→ **What you have to do**: The copy must hold exactly the lines from the one with "The Rug Seller" through the end of the listing below, and nothing else, with no pictures.

BEGIN Task inputs

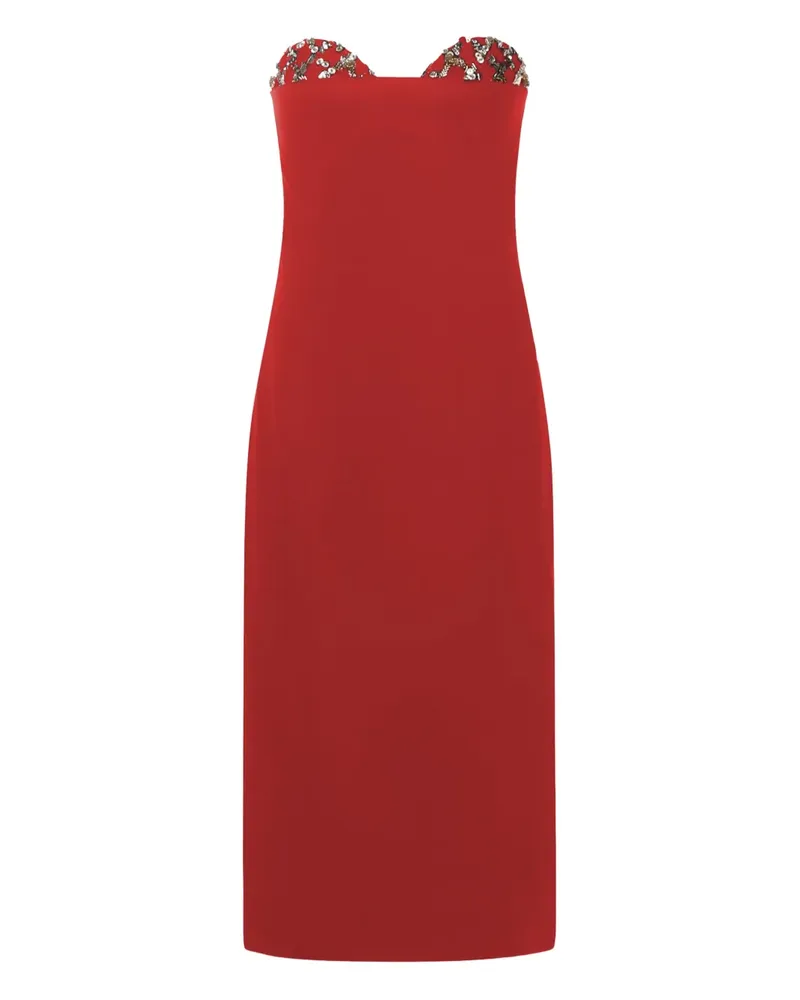 Genny sequin-embellishment strapless midi dress - Rot Rot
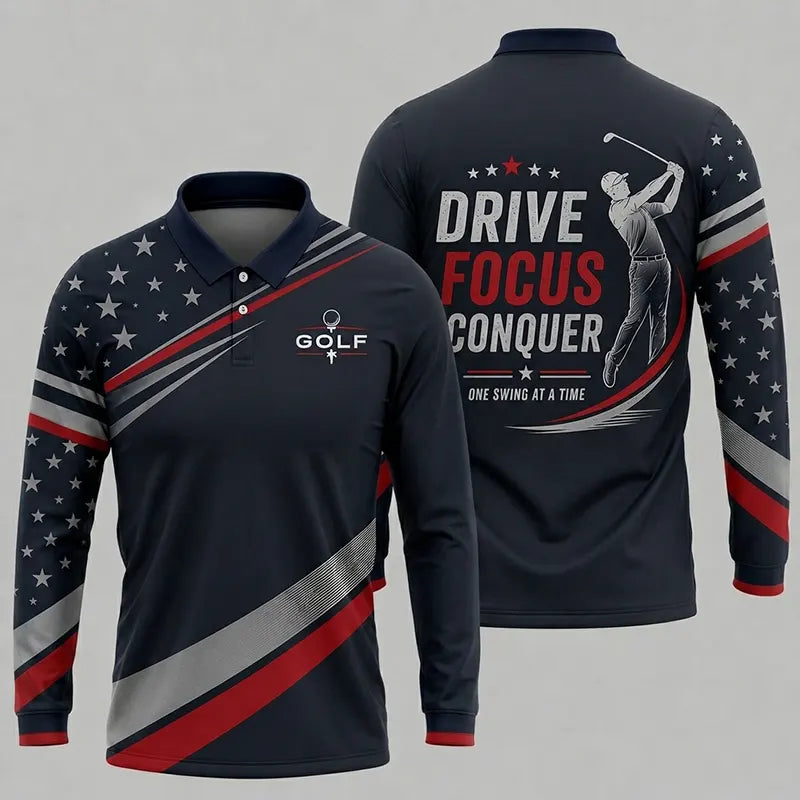 Drive Focus Conquer Patriotic Golf Polo Long Sleeve Shirt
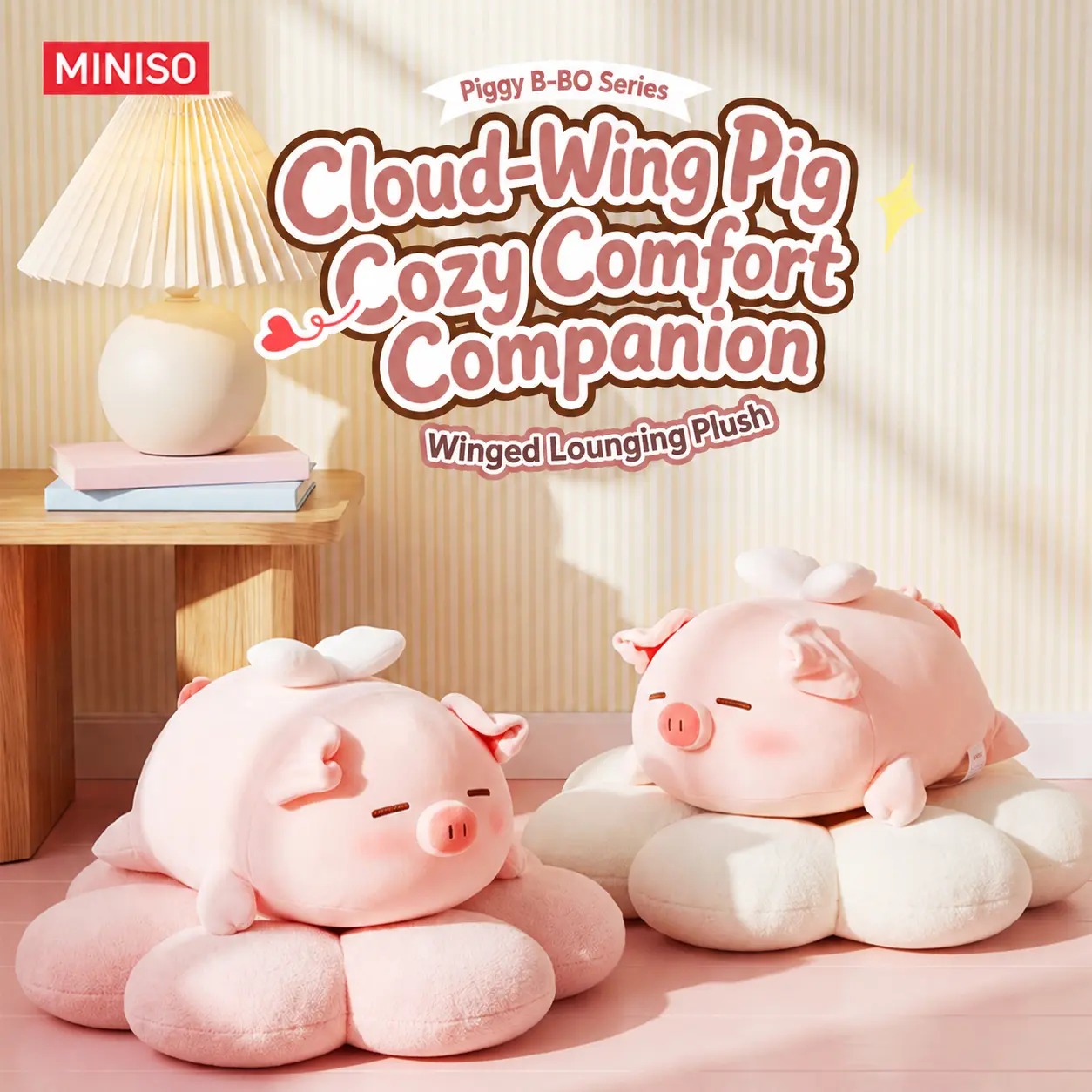 B-BO Pig Plush Lying Doll with Wings – Cute Soft Stuffed Animal Toy, Cozy Collectible Gift，Back To School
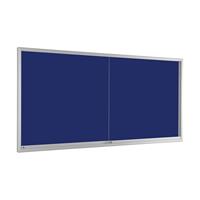 Vitrinekast met schuifdeuren, voor 24 x A4, gentiaanblauw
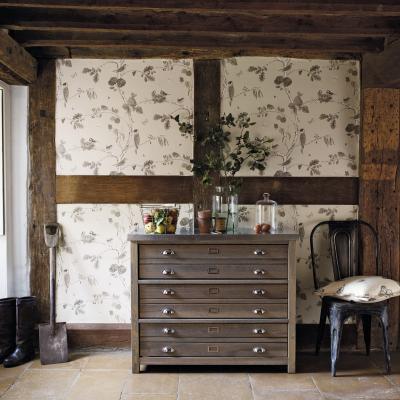 The Rug Seller Woodland Chorus Wallpaper 215704 by Sanderson in Sepia Brown&nbsp;Roll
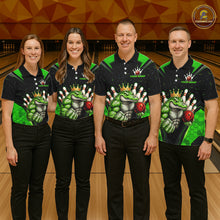 Load image into Gallery viewer, Custom Funny Green Crocodile Bowling Shirt Alligator Bowling Jersey for Men Polo &amp; 1/4 Zip QZT823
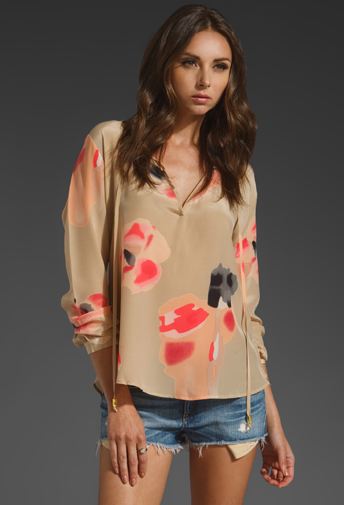 Kareena Grimaldi Drawstring Tan Floral Blouse Lisa Hochstein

END Task inputs

→ **Exercise response**:
 The Rug Seller Woodland Chorus Wallpaper 215704 by Sanderson in Sepia Brown&nbsp;Roll
 Load image into Gallery viewer, Custom Funny Green Crocodile Bowling Shirt Alligator Bowling Jersey for Men Polo &amp; 1/4 Zip QZT823
 Kareena Grimaldi Drawstring Tan Floral Blouse Lisa Hochstein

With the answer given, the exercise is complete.